To do: Below are the entries. Print only the lines starting at the one with "Gisele Pelicot (centre)" and ending at the one with "Односторонняя курточка для", exactly, with no pictures.

Dataset entries:
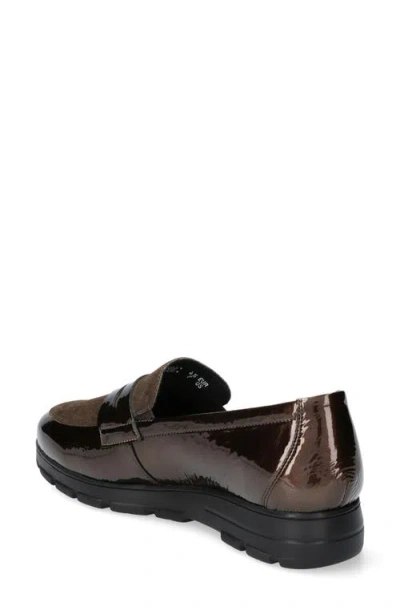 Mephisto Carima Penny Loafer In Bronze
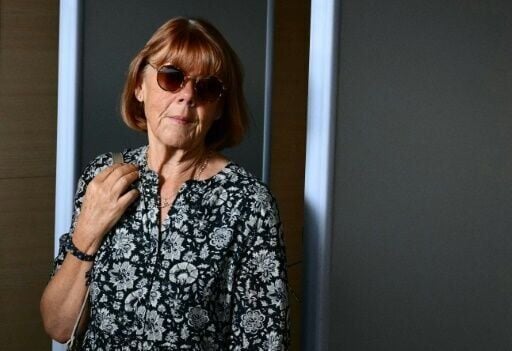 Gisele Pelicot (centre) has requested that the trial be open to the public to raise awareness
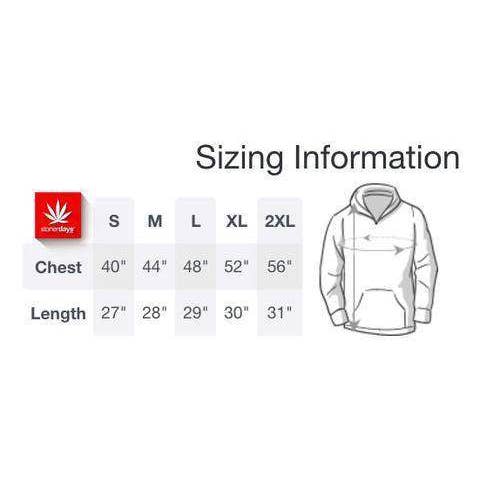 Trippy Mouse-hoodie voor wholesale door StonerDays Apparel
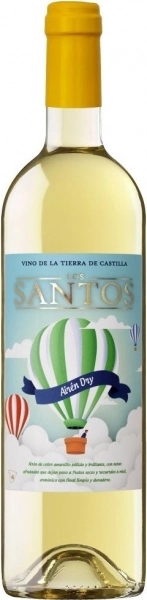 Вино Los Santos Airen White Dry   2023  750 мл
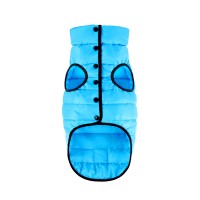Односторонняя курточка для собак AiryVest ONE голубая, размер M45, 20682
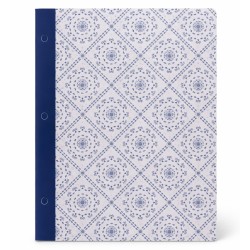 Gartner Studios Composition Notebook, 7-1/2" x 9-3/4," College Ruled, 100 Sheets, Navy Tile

--

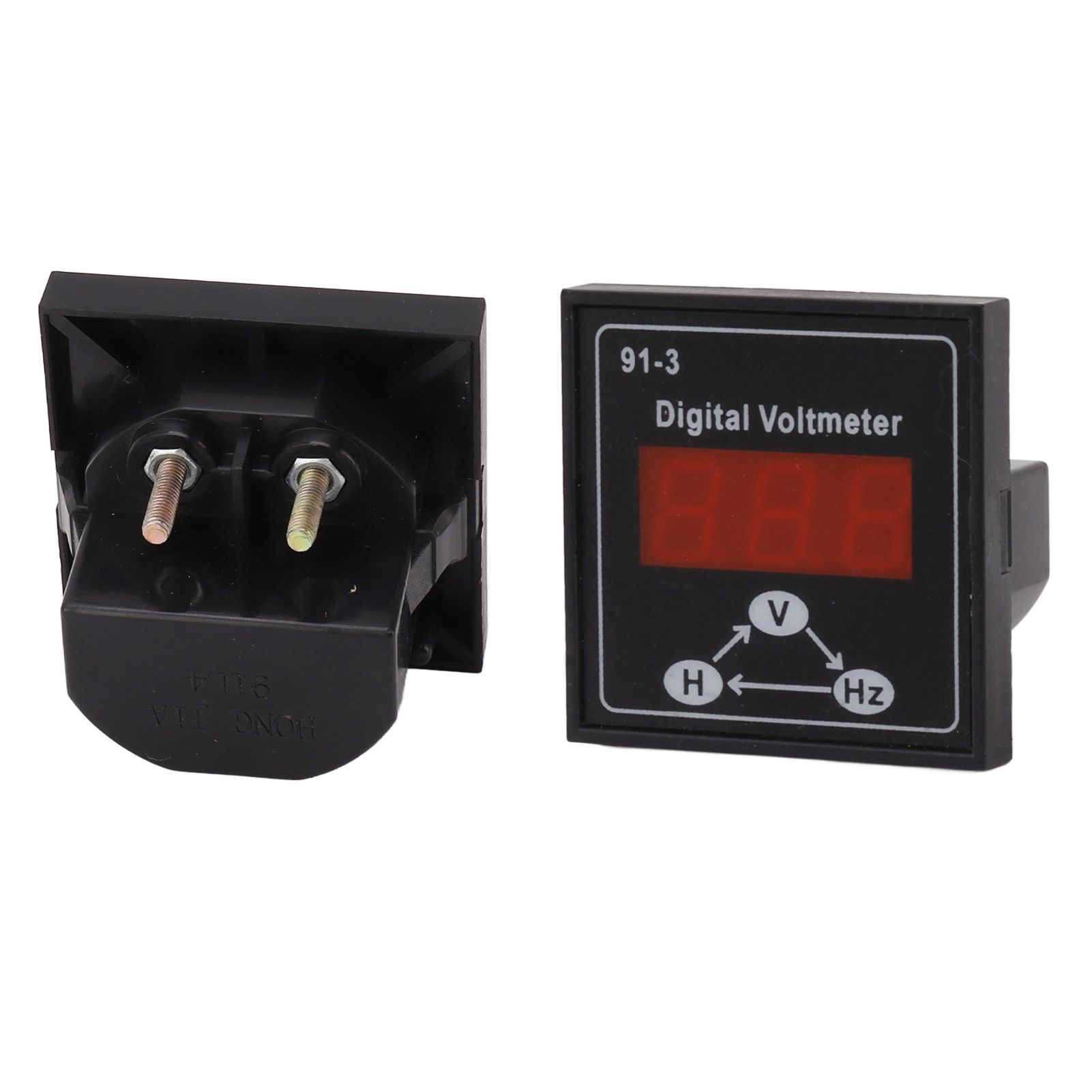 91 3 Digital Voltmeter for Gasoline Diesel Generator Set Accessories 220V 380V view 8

...

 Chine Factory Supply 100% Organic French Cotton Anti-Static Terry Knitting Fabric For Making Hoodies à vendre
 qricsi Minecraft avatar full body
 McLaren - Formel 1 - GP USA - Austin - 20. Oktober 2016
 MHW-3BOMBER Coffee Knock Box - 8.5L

Exercise answer:
 Gisele Pelicot (centre) has requested that the trial be open to the public to raise awareness
 Trippy Mouse-hoodie voor wholesale door StonerDays Apparel
 Вино Los Santos Airen White Dry   2023  750 мл
Односторонняя курточка для собак AiryVest ONE голубая, размер M45, 20682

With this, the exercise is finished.